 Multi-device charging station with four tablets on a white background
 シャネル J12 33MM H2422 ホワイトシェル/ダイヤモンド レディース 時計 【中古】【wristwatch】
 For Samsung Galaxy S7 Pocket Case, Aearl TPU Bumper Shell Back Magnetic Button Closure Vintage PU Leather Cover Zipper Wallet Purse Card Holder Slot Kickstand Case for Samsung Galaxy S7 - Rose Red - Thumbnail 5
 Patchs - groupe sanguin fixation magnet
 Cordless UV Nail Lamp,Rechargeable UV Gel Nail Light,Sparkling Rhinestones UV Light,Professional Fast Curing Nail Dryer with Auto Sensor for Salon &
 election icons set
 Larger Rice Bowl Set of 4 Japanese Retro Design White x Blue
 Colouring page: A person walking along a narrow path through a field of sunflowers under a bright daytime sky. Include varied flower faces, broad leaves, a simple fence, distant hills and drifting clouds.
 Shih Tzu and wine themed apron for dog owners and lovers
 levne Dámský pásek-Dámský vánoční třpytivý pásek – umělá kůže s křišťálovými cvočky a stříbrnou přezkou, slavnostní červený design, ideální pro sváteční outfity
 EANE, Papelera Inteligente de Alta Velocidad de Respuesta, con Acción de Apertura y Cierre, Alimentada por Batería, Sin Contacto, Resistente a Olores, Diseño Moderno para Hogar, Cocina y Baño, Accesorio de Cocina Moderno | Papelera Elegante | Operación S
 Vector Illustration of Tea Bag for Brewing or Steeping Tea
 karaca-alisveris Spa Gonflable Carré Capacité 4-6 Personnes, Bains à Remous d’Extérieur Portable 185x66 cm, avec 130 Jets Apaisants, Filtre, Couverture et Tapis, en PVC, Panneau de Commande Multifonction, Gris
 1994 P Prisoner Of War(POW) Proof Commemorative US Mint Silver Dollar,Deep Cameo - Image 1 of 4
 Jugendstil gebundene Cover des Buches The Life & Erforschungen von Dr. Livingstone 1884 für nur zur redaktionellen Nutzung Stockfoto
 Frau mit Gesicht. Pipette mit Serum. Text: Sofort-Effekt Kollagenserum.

**PROBLEM**
Retype exactly the lines above, from the one with "Patchs - groupe sanguin fixation magnet" through the one with "1994 P Prisoner", inclusive.

**ANSWER TO THIS PROBLEM**
 Patchs - groupe sanguin fixation magnet
 Cordless UV Nail Lamp,Rechargeable UV Gel Nail Light,Sparkling Rhinestones UV Light,Professional Fast Curing Nail Dryer with Auto Sensor for Salon &
 election icons set
 Larger Rice Bowl Set of 4 Japanese Retro Design White x Blue
 Colouring page: A person walking along a narrow path through a field of sunflowers under a bright daytime sky. Include varied flower faces, broad leaves, a simple fence, distant hills and drifting clouds.
 Shih Tzu and wine themed apron for dog owners and lovers
 levne Dámský pásek-Dámský vánoční třpytivý pásek – umělá kůže s křišťálovými cvočky a stříbrnou přezkou, slavnostní červený design, ideální pro sváteční outfity
 EANE, Papelera Inteligente de Alta Velocidad de Respuesta, con Acción de Apertura y Cierre, Alimentada por Batería, Sin Contacto, Resistente a Olores, Diseño Moderno para Hogar, Cocina y Baño, Accesorio de Cocina Moderno | Papelera Elegante | Operación S
 Vector Illustration of Tea Bag for Brewing or Steeping Tea
 karaca-alisveris Spa Gonflable Carré Capacité 4-6 Personnes, Bains à Remous d’Extérieur Portable 185x66 cm, avec 130 Jets Apaisants, Filtre, Couverture et Tapis, en PVC, Panneau de Commande Multifonction, Gris
 1994 P Prisoner Of War(POW) Proof Commemorative US Mint Silver Dollar,Deep Cameo - Image 1 of 4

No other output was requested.